Captioned web images -

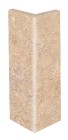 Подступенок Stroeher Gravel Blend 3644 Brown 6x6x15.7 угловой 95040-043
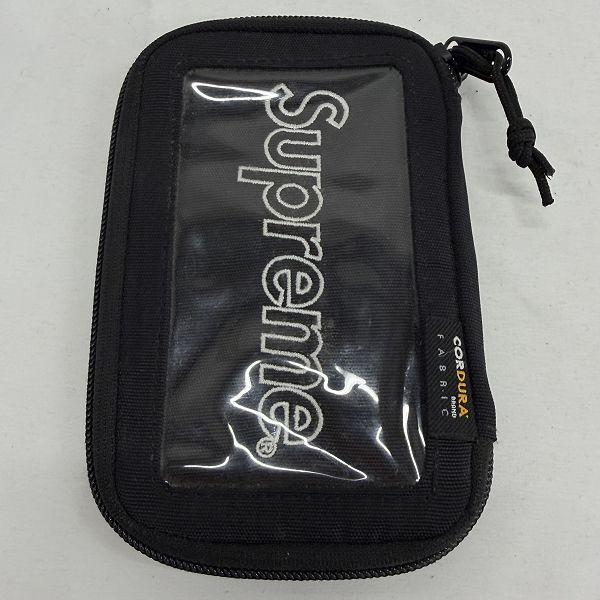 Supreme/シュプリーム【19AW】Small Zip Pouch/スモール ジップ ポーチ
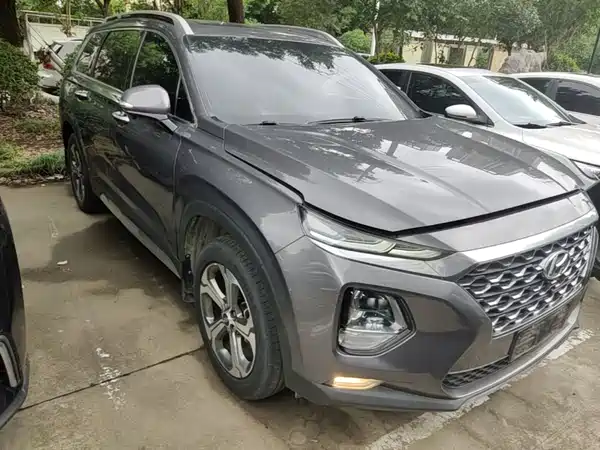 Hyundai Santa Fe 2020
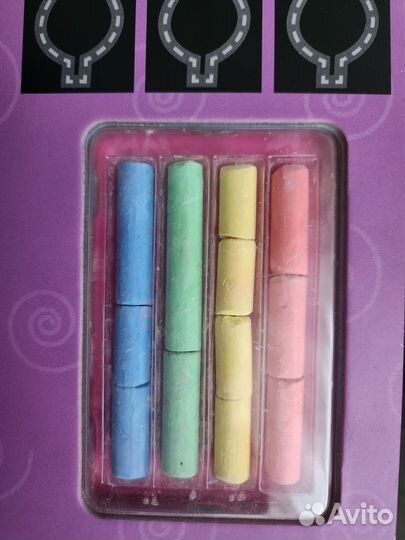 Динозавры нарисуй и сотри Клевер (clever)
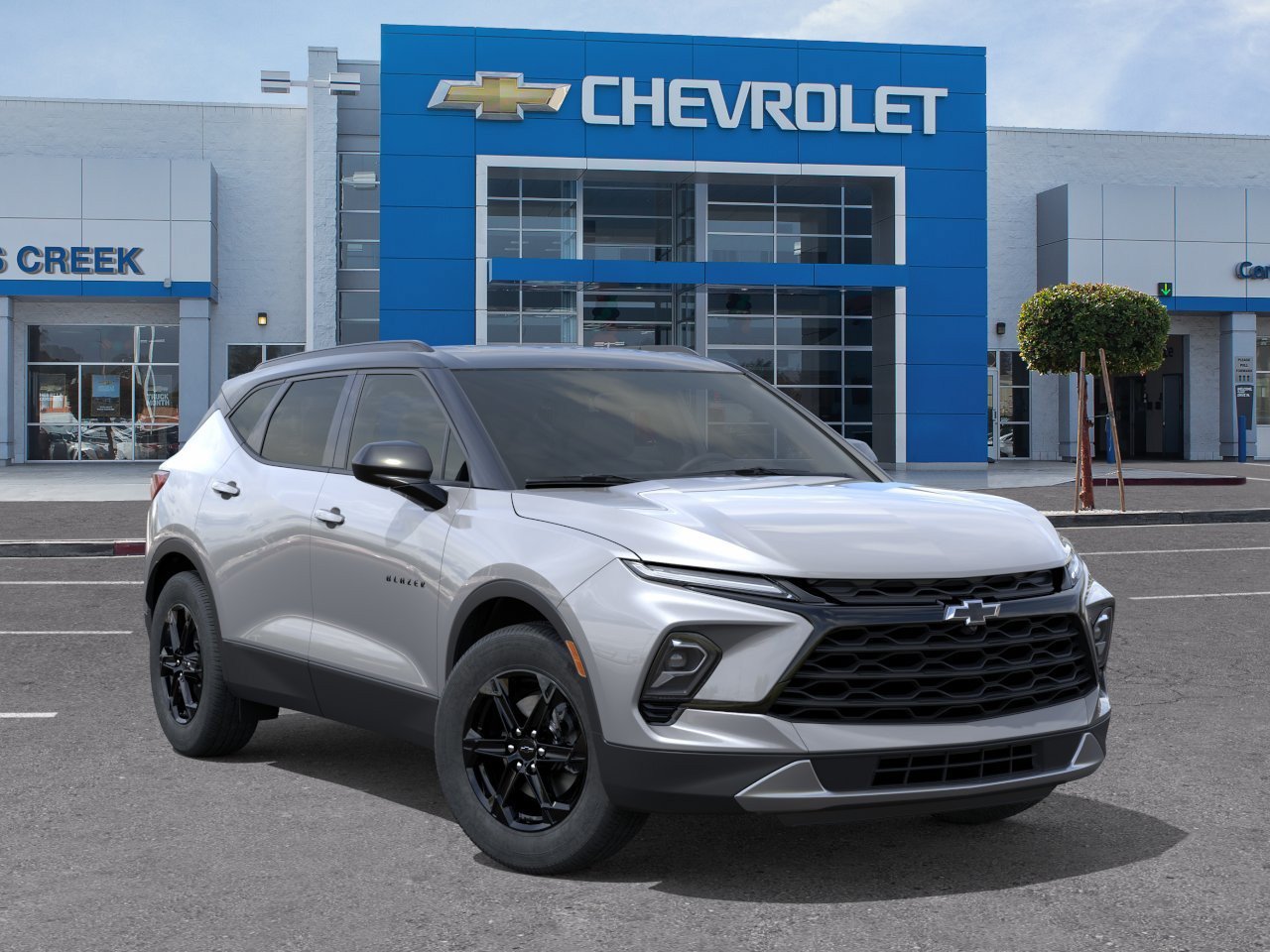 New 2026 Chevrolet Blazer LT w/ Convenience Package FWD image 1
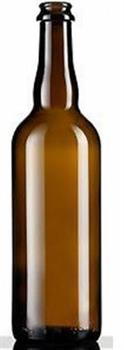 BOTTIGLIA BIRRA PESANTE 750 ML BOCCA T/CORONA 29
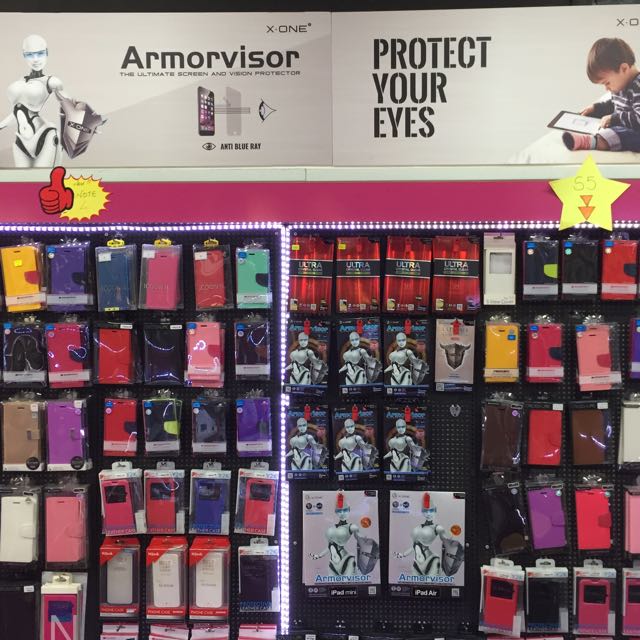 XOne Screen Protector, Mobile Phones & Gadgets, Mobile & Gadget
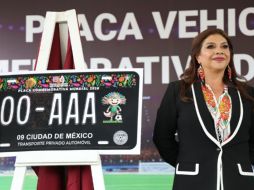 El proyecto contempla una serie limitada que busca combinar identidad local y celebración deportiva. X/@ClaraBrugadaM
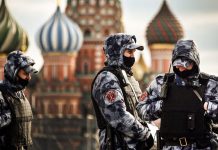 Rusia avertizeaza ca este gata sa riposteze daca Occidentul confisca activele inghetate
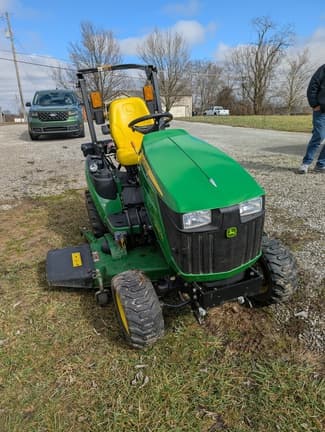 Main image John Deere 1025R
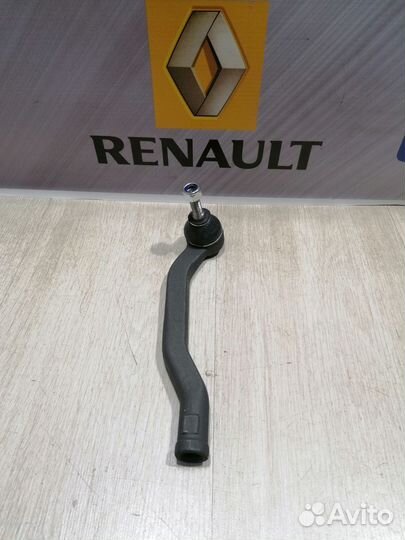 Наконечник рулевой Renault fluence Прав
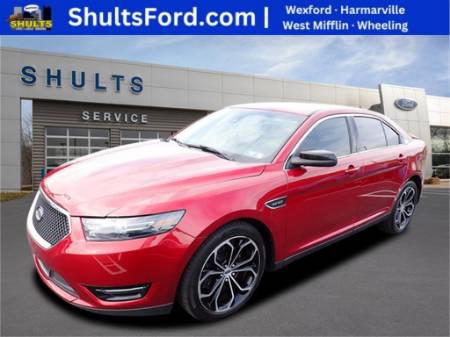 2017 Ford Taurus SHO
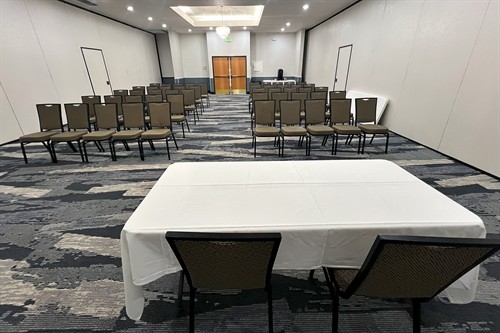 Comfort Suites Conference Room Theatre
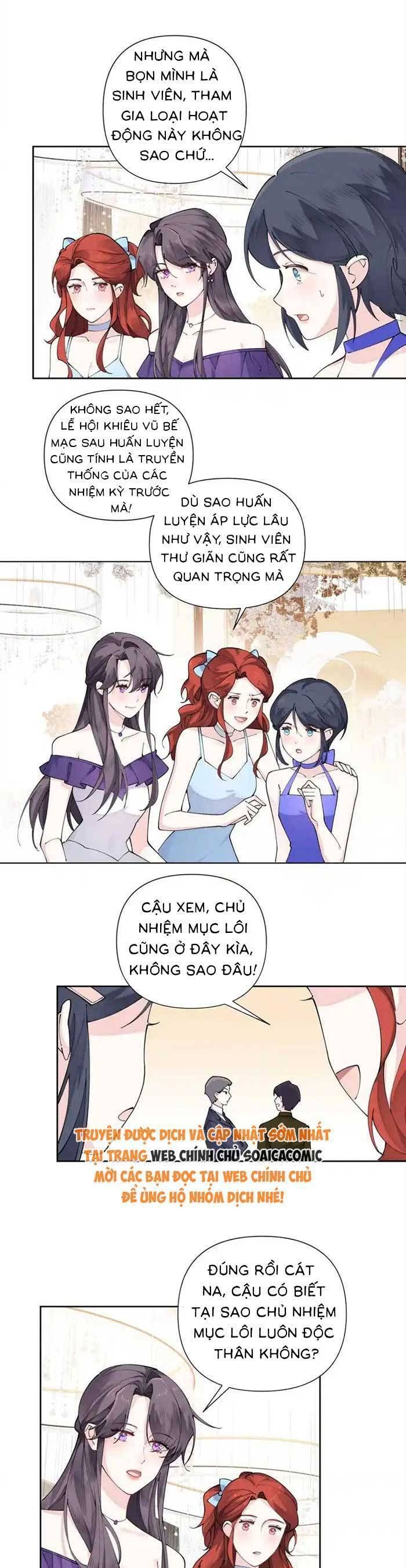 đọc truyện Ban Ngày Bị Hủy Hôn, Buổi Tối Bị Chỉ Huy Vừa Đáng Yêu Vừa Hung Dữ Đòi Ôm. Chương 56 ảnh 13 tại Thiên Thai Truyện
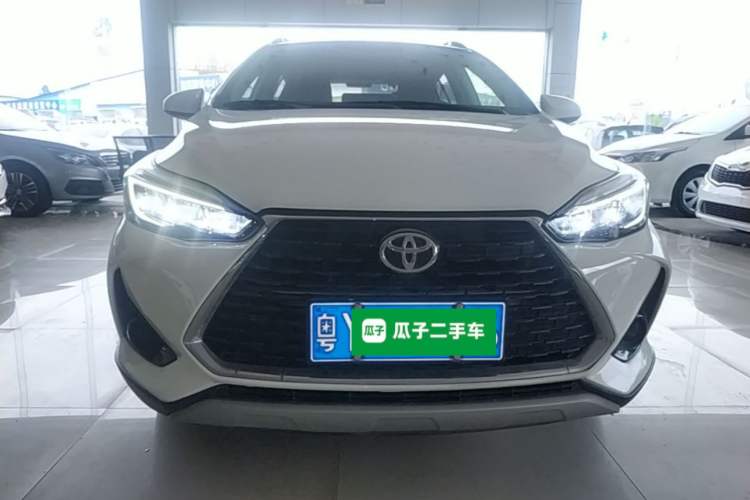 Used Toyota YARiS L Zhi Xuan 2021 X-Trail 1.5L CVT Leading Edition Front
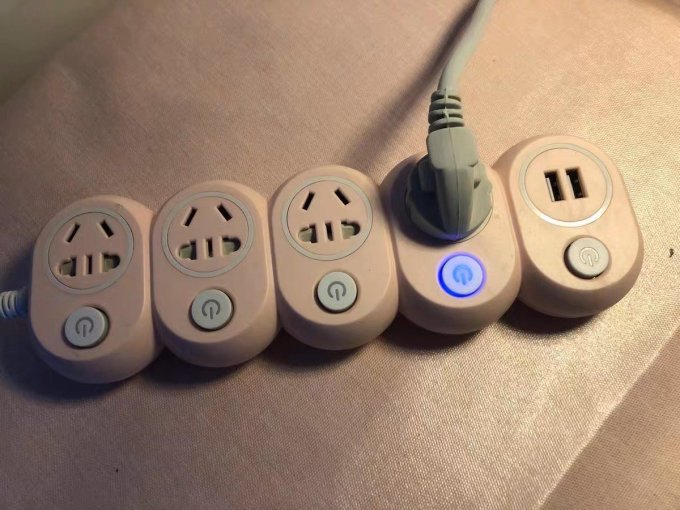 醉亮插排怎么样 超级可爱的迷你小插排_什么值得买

EXERCISE DESCRIPTION -
For this exercise, output the records exactly but omit their pictures.

SOLUTION -
 Подступенок Stroeher Gravel Blend 3644 Brown 6x6x15.7 угловой 95040-043
 Supreme/シュプリーム【19AW】Small Zip Pouch/スモール ジップ ポーチ
 Hyundai Santa Fe 2020
 Динозавры нарисуй и сотри Клевер (clever)
 New 2026 Chevrolet Blazer LT w/ Convenience Package FWD image 1
 BOTTIGLIA BIRRA PESANTE 750 ML BOCCA T/CORONA 29
 XOne Screen Protector, Mobile Phones & Gadgets, Mobile & Gadget
 El proyecto contempla una serie limitada que busca combinar identidad local y celebración deportiva. X/@ClaraBrugadaM
 Rusia avertizeaza ca este gata sa riposteze daca Occidentul confisca activele inghetate
 Main image John Deere 1025R
 Наконечник рулевой Renault fluence Прав
 2017 Ford Taurus SHO
 Comfort Suites Conference Room Theatre
 đọc truyện Ban Ngày Bị Hủy Hôn, Buổi Tối Bị Chỉ Huy Vừa Đáng Yêu Vừa Hung Dữ Đòi Ôm. Chương 56 ảnh 13 tại Thiên Thai Truyện
 Used Toyota YARiS L Zhi Xuan 2021 X-Trail 1.5L CVT Leading Edition Front
 醉亮插排怎么样 超级可爱的迷你小插排_什么值得买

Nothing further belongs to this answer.